In the data below, repeat the line containing "Wapang TNI Dampingi" and every following line exactly, up to and including the last line. Exclude pictures.

» **DATA BELOW**:
┌────────
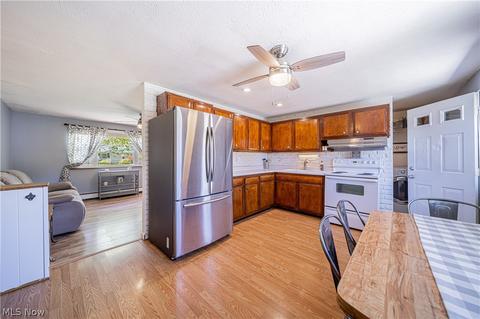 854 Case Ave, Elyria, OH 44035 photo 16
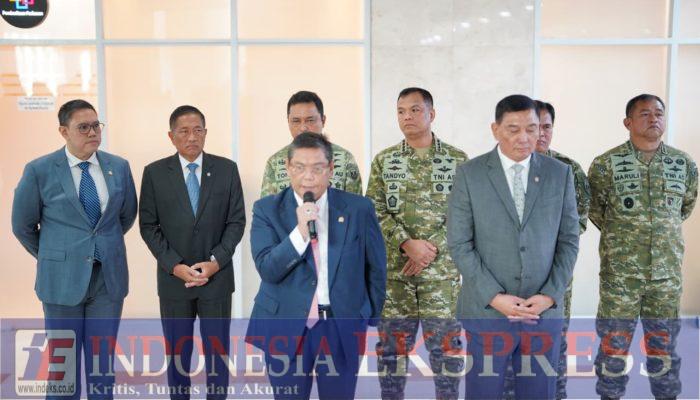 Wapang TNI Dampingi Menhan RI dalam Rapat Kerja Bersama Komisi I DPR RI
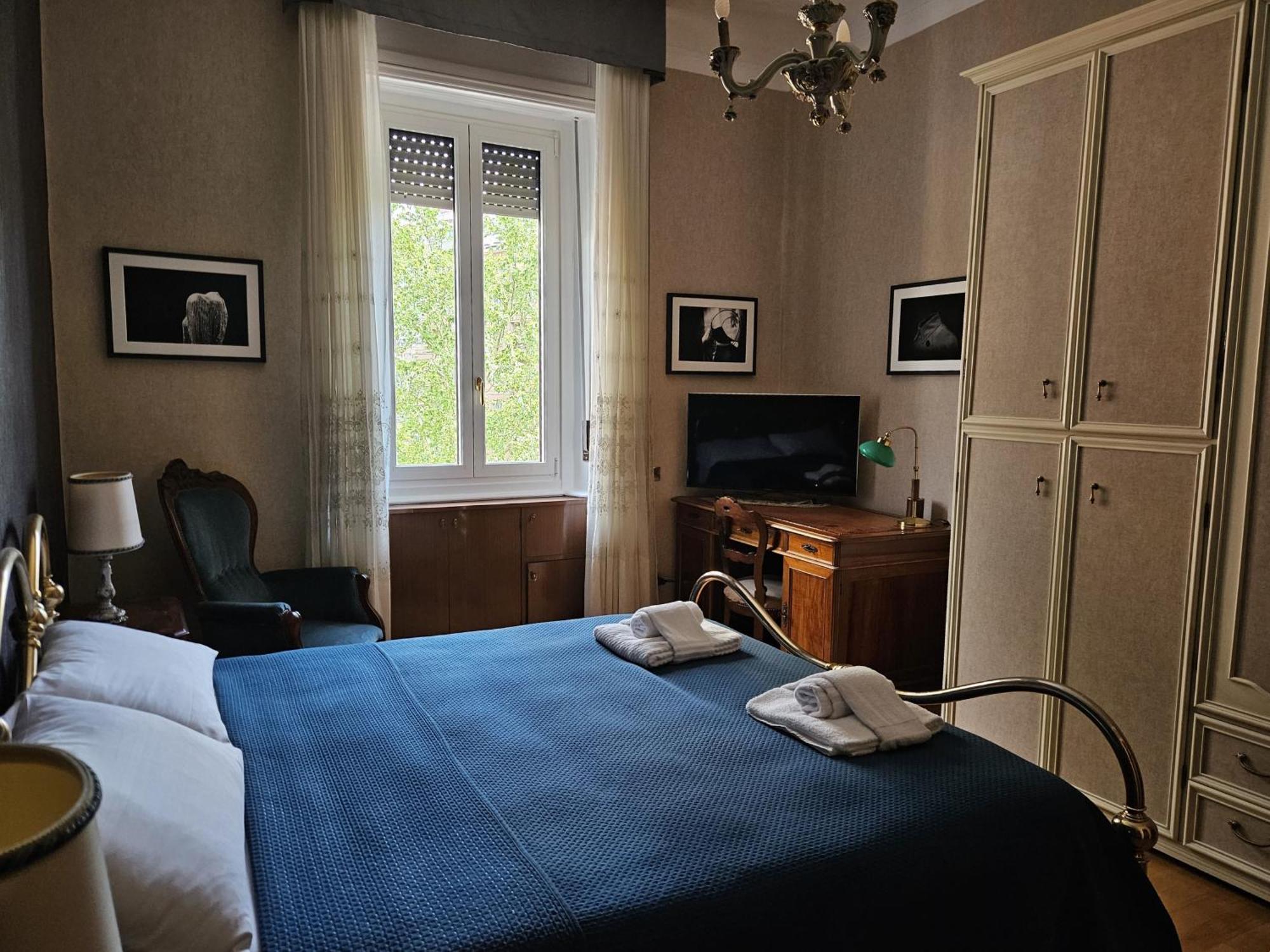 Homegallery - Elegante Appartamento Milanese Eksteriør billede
└────────
» **YOUR SOLUTION**:
 Wapang TNI Dampingi Menhan RI dalam Rapat Kerja Bersama Komisi I DPR RI
 Homegallery - Elegante Appartamento Milanese Eksteriør billede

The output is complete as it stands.